Inspired by the hard rock blues improvisations of Cream and Jimi Hendrix, Blue Cheer was among the pioneers of the American acid-rock movement, along with Iron Butterfly and other acts (The Count Five, The Seeds) that might have been lost were it not for the popularity of the Nuggets collection and periodic garage rock revivals during the past couple of decades. Yet Blue Cheer stands out among their peers for the primal throb and intensity of their shows. Sure, they were loud; they were the first band in the U.S. to employ Marshall amps, having them shipped over from Britain after hearing Hendrix use one.
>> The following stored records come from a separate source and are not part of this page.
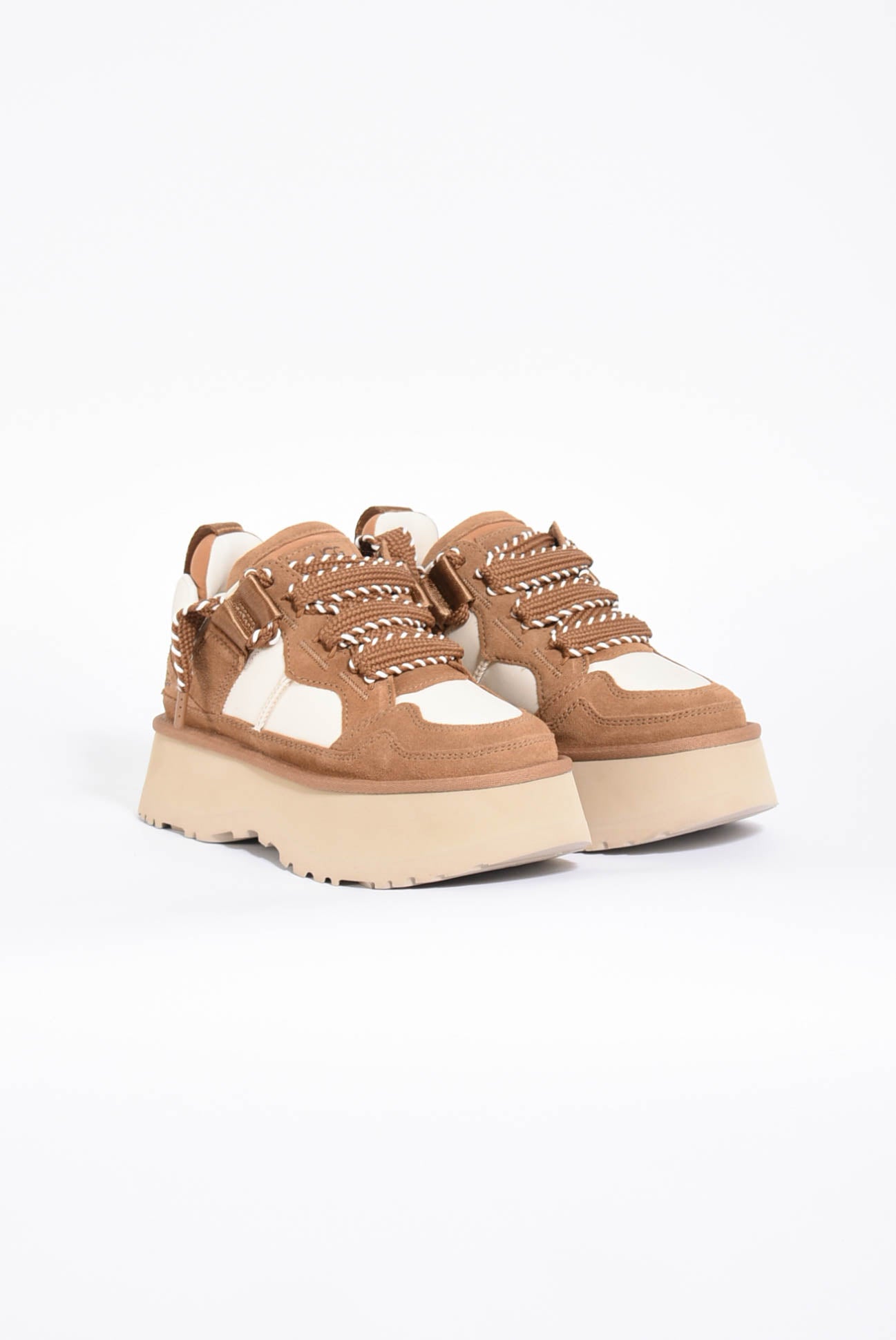 sneakers w astromel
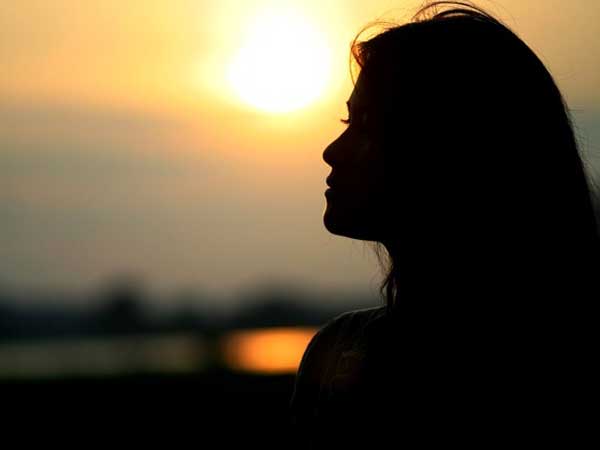 Đúng ngày Valentine, người yêu đưa tôi vào tiệm vàng, cứ ngỡ được anh tặng quà quý nào ngờ... điếng người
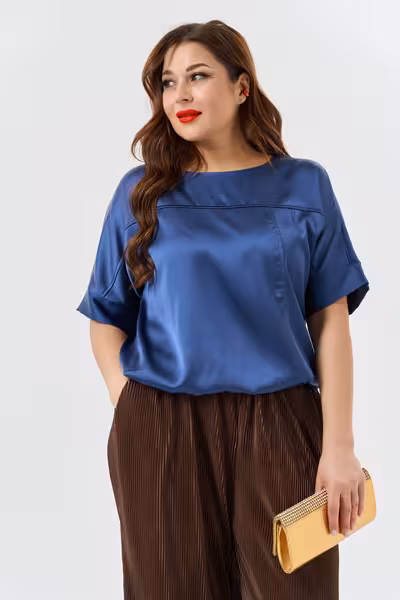 Свободная блузка с короткими рукавами на резинке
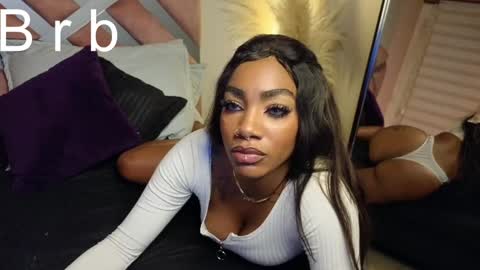Snapshot of emely_brandon_ chatting on February 9, 2:28 am anyelii online show from February 9, 2:28 am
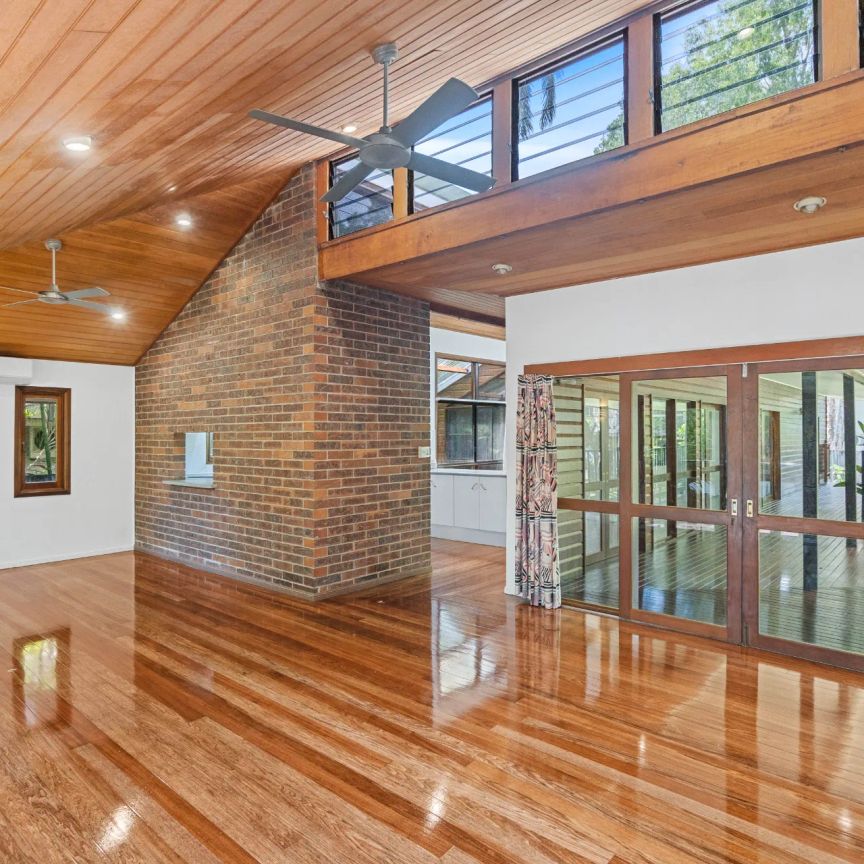 Costal retreat, steps to Kewarra Beach - Photo 1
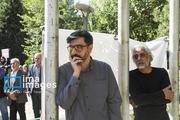 سمت چپ: حسین ولایتی عکاس، صبح سه‌شنبه پنجم آبان‌ماه ۱۴۰۵ در مراسم وداع با  محسن راستانی عکاس پیشکسوت و شناخته‌شده حوزه مستند و خبری ایران مقابل خانه هنرمندان حضور دارد.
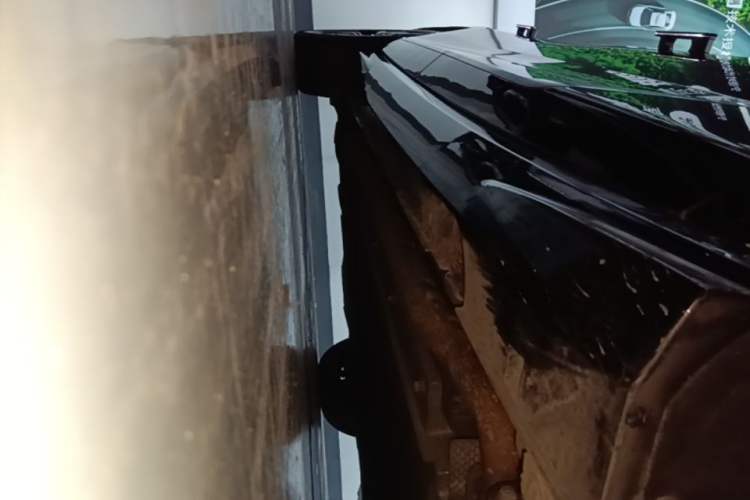 Used VOYAH PASSION 2024 PHEV Four-Wheel Drive Ultra-Long Range Flagship Model Right Side Sill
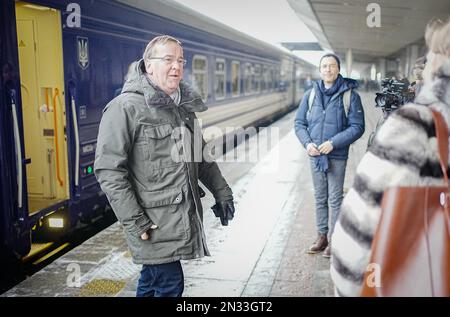 Kiew, Ukraine. 07. Februar 2023. Boris Pistorius (SPD), Bundesminister für Verteidigung, kommt heute Morgen mit dem Nachtzug aus Polen am Bahnhof in Kiew an. Der Minister besucht die ukrainische Hauptstadt etwa zwei Wochen nach seinem Amtsantritt zu politischen Gesprächen über Waffenlieferungen. Kredit: Kay Nietfeld/dpa/Alamy Live News Stockfoto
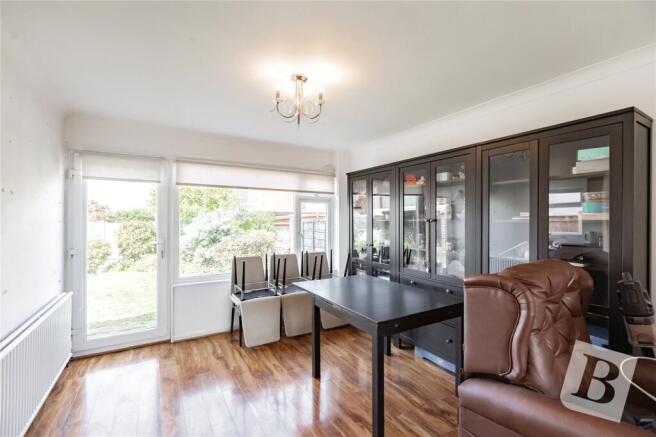 Living/Dining Area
"I always had guys come up to me and say, 'You can't do that with that amplifier.' See this knob here? Just turn it up to 10. It's that easy," Peterson recalls. "We were pretty sassy little shits."
There's an apocryphal tale that before one of their most famous shows — in 1968 at Detroit's Grande Ballroom, with the MC5 and the Stooges — a call went across Michigan for amplifiers. According to the story, the MC5 borrowed as many as they could to ensure they'd stack up against Blue Cheer, and proceeded to blow windows out in the back of the ballroom.
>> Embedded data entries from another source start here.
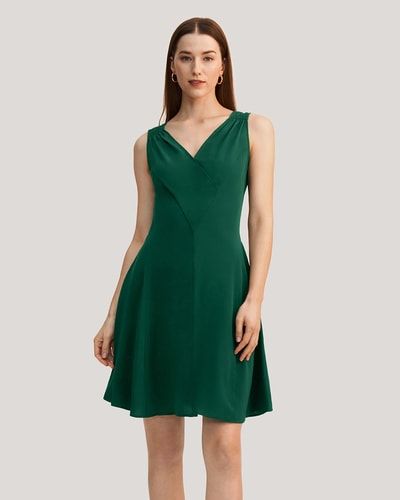 Elegantes Seidenkleid mit V-Ausschnitt
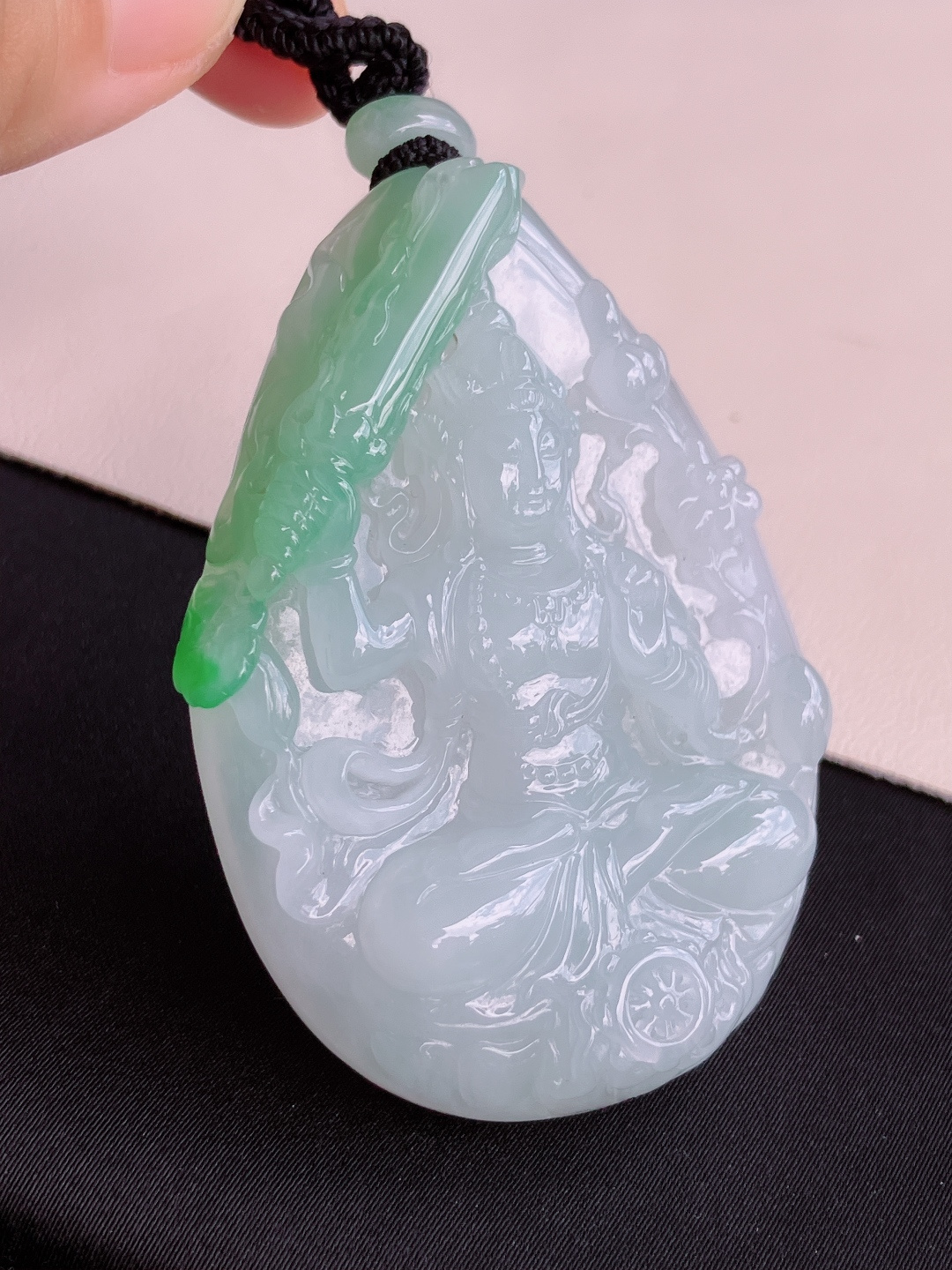 冰飘绿花千手观音，饱满大气，尺寸62.8/44.6/11.5/自然光实拍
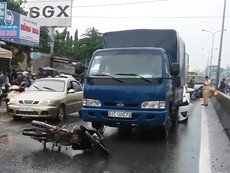 Xe máy chạy trái làn gây tai nạn trên QL 1K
These days, Peterson's using Ampeg amps (guitarist Andrew "Duck" MacDonald uses old, tube-style Marshalls), but it gets just as loud. He recalls a show a few years ago in an Osaka, Japan, skyscraper.
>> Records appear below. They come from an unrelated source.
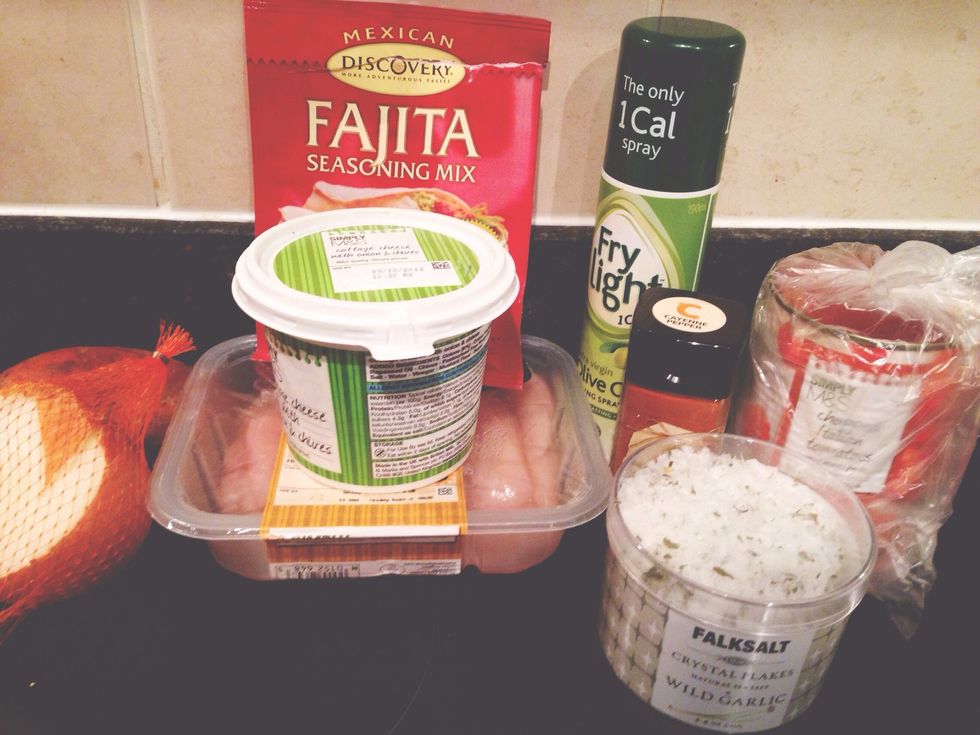 Ingredients: sweet potato, onion, fajita Spice, chicken, garlic sea salt, fry light, low fat cottage cheese w/ onion&chives, salsa to serve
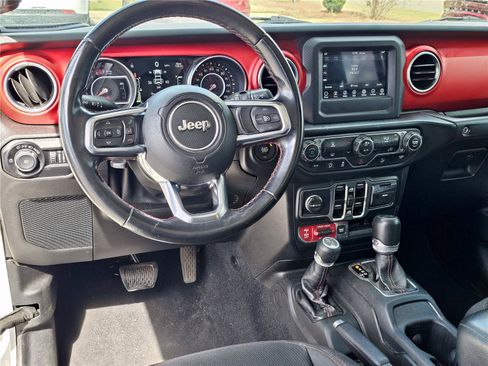 Used 2020 Jeep Wrangler Unlimited Rubicon AWD/4WD image 33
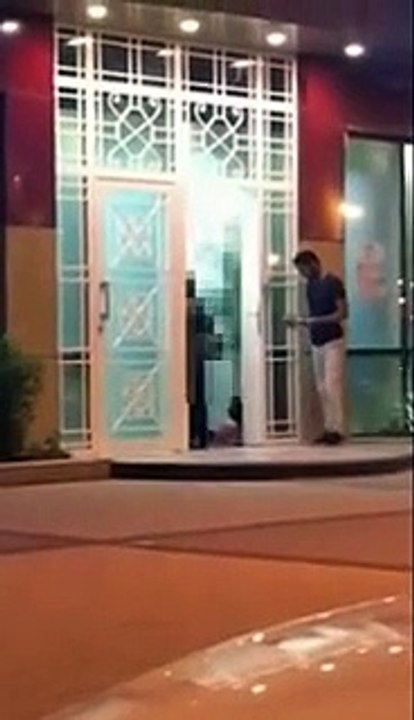 بالفيديو.. شرطة الرياض تقبض على وافد يمني يوصل الدخان لمشغل نسائي
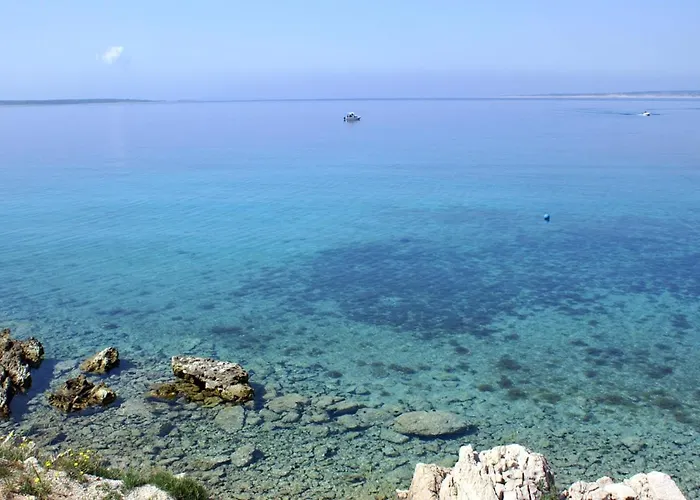 By The Sea Mandre, Pag - 4095 Kolan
"The low-end on these Ampegs was beautiful — it vibrated the foundation of the skyscraper we were in. The low-end was so intense that it shook the tubes right out of Duck's amplifier. The tubes fell out and just started breaking on the floor. Duck looked at me, at first like he was really angry, and I just started laughing and then he started laughing, and the audience started laughing," Peterson says. "It's like, if this isn't rock 'n' roll, what is?"
For Peterson, playing music will always be about the live performance. He, MacDonald, and drummer Paul Whaley still tour old school, cramming in the back of a van with their gear, because, according to him, "When you start getting away from that shit, you stop playing rock 'n' roll." It's a topic dear to his heart, and he echoes a familiar garage/punk ethos when he suggests their sound is "10 percent music, 90 percent attitude. It's how you deliver it."
Witnessing Blue Cheer live greatly enhances your opinion of them. There's a physicality to their thick-limbed boogie that probably can't be appreciated without surrendering the volume knob, and giving over to the slashing peals of guitar and the muscular rhythms.
"Our rhythm section has a lot of tension in it, because Paul's always playing the backbeat and I'm always shuffling. Normally, those two things don't go well together, but we manage to find a wormhole and make it work," Peterson says.
Though one is reminded of Spinal Tap's David St. Hubbins when Peterson recites the hoary conceit about the audience being the fourth member of the band, it's hard to be too judgmental. Blue Cheer's been at it for 40 years; who's to say they didn't invent that cliché? Any suspicions to the contrary are erased when Peterson confirms that (other than the combustible drummers bit) they are Spinal Tap.
"I think they wrote that movie from us; somebody heard enough of our stories. We still get lost on our way to the stage. You think after 40 years of walking around in sub-basements and dressing rooms, you would have an instinct," Peterson says. "Nah, we get lost, man."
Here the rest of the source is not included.